Nigeria is a failed state because it can “no longer perform its basic security and developmental (educational, power, health, etc) functions and has no effective control over its entire territory”. Nigeria was run aground by a series of kleptomania and scoundrels masked as leaders. In their self-defeating escapism, they refuse to take responsibilities for their actions. Instead, they blame the problems they brought on Nigeria on a variety of factors, including the evil legacies of colonialism and the inherent complexity and intractable dilemmas of our enormous size and atypical diversity.

But then, their blames ring hollow because some bigger and more diverse countries, like China and India have successfully handled their more daunting problems of size and diversity. About one-sixth of humanity lives in China. Interestingly, with her unitary government, she clothes, feeds, shelters and secures the lives and property of this staggering number of humanity. She has also risen from what a onetime British prime minister, Winston Churchill, once characterized, as a “vast degenerate peasantry” to a modern industrial, military and economic power. Nigerians have been embroiled in an endless, enervating debate on a pertinent constitutional arrangement: unitary versus federalism. China has demonstrated that with the right leadership and respect for the rule law, either form of constitution can be wonderful for nation building.

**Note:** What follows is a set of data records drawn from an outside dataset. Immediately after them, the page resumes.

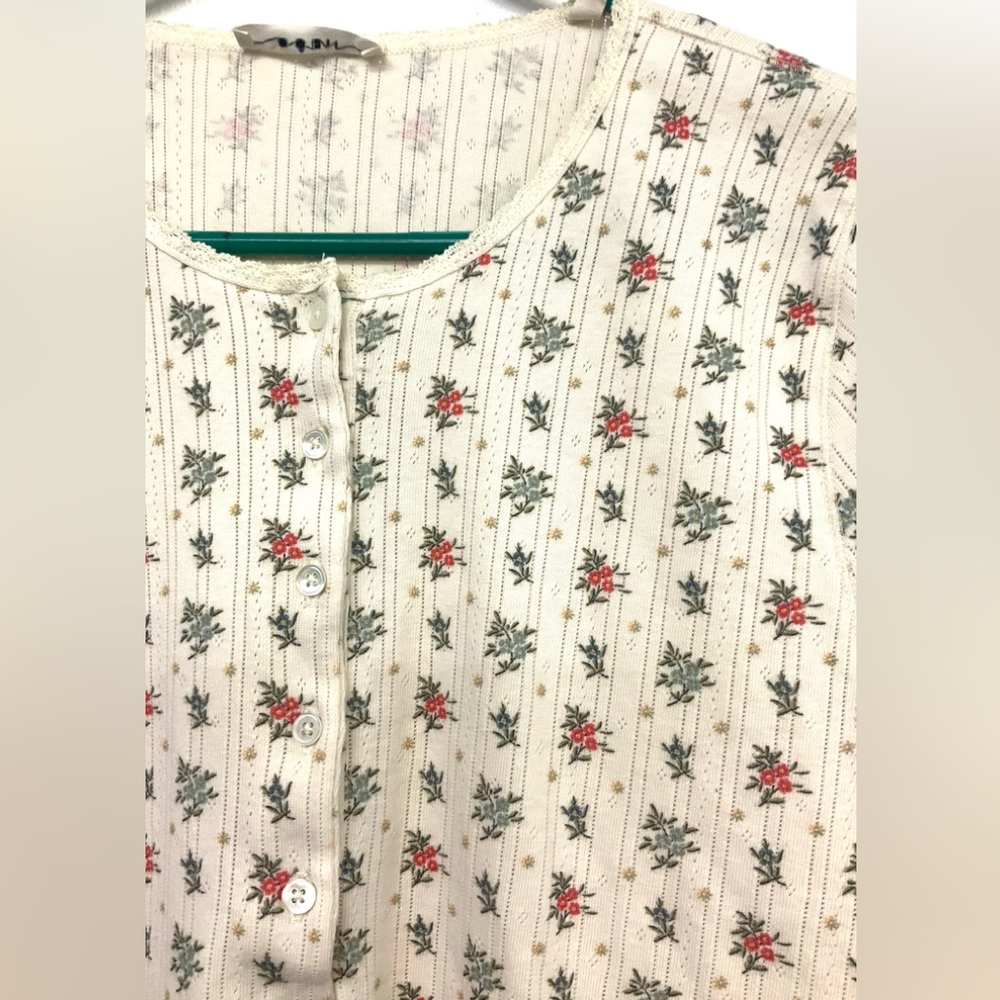 Doen Cream Floral Long Sleeve Top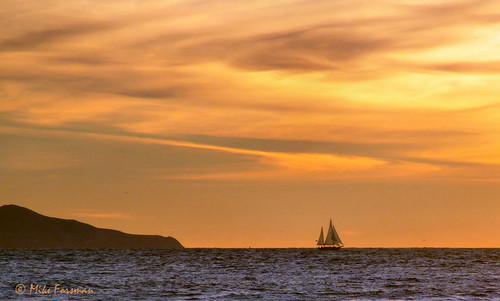 boat sunsets islands local sailing sunset island channelislands beach sailboat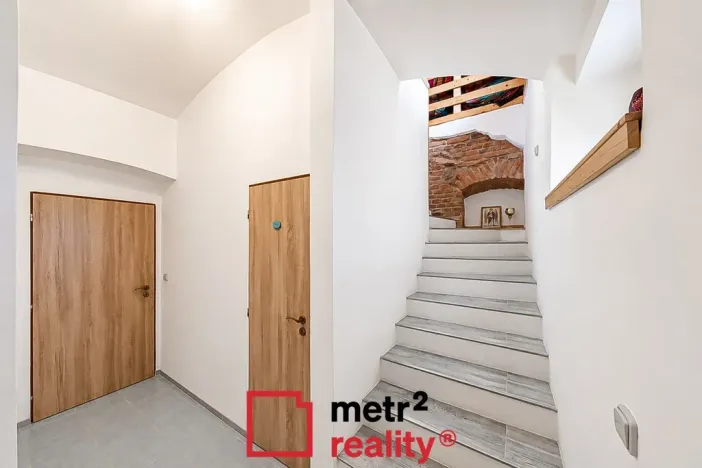 Prodej rodinného domu, Bouzov, 400 m2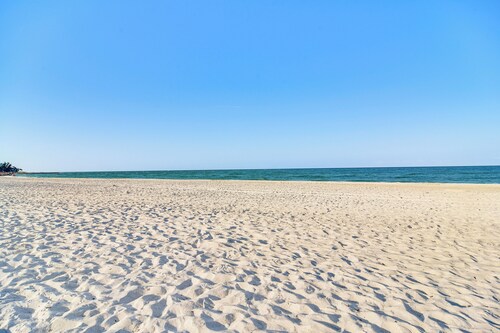 Waterfront Condo w/ Patio & Pool on Madeira Beach!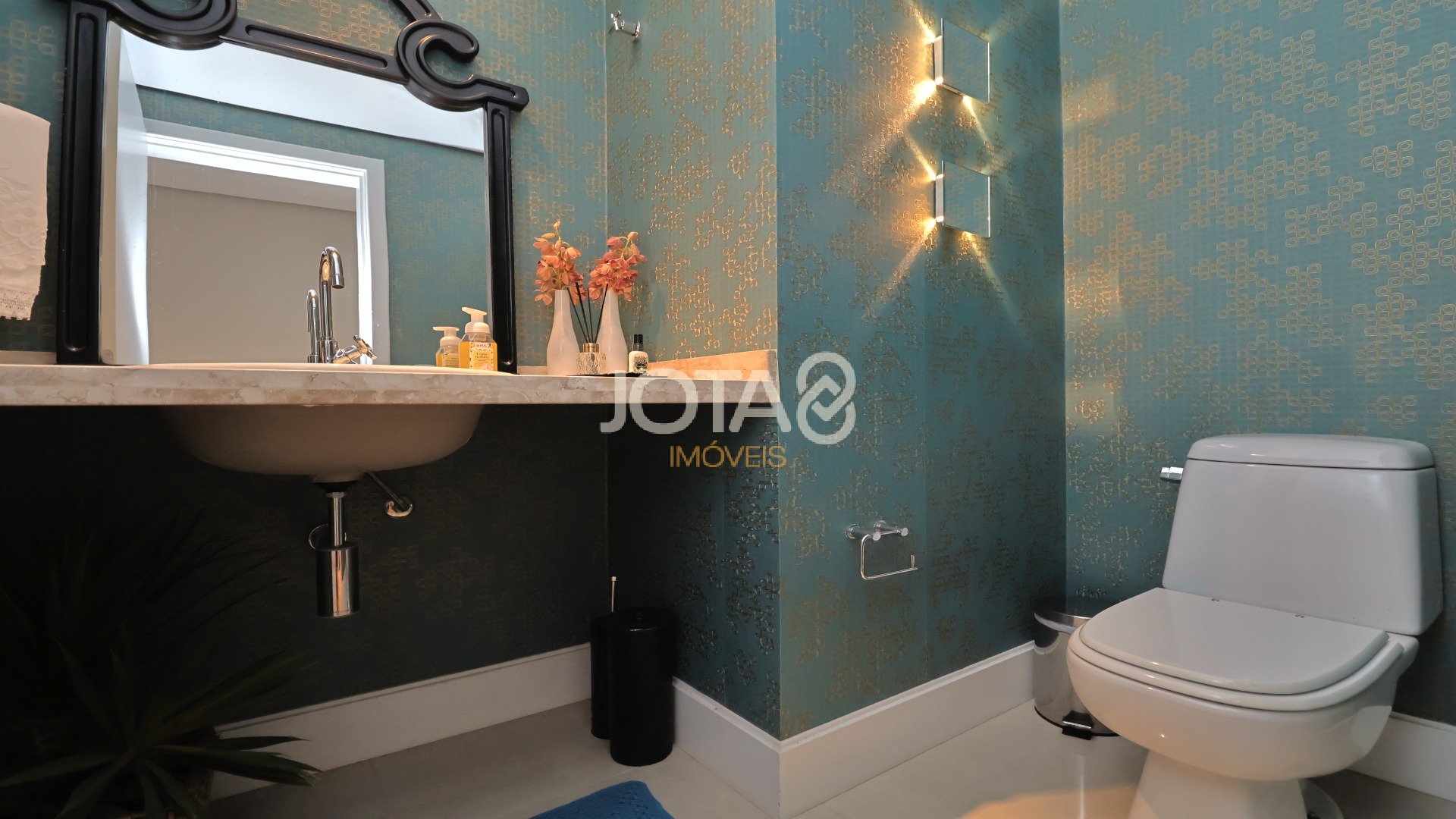 APARTAMENTO MOBILIADO EM CONDOMÍNIO CLUBE NO ÁGUA VERDE!
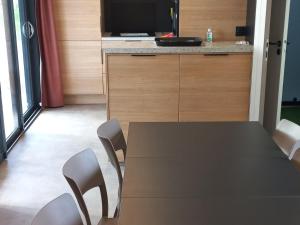 Chalet Confortable avec Clim et Parc 2 Chambres - FR-1-783-50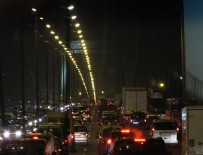 FATIH SULTAN MEHMET KÖPRÜSÜ - FSM'de feci ölüm! Trafik felç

Unlike China that was never colonized, Indian, like Nigeria, was colonized by the British. And like Nigeria, after independence, she grappled with the supposed deleterious legacies of British colonialism, like cultural shocks of colonialism and artificial sovereignty, which our failed rulers blame for their botched statecraft. Yet, Indian is a very successful democracy; she has not known even one episode of military intervention in politics. And she has lifted herself up from a third world country to a semi-first world country. Her strides into modernity, although streaked by periodic orgies of sectarian violence, have not been marked by repressive and authoritarian government policies.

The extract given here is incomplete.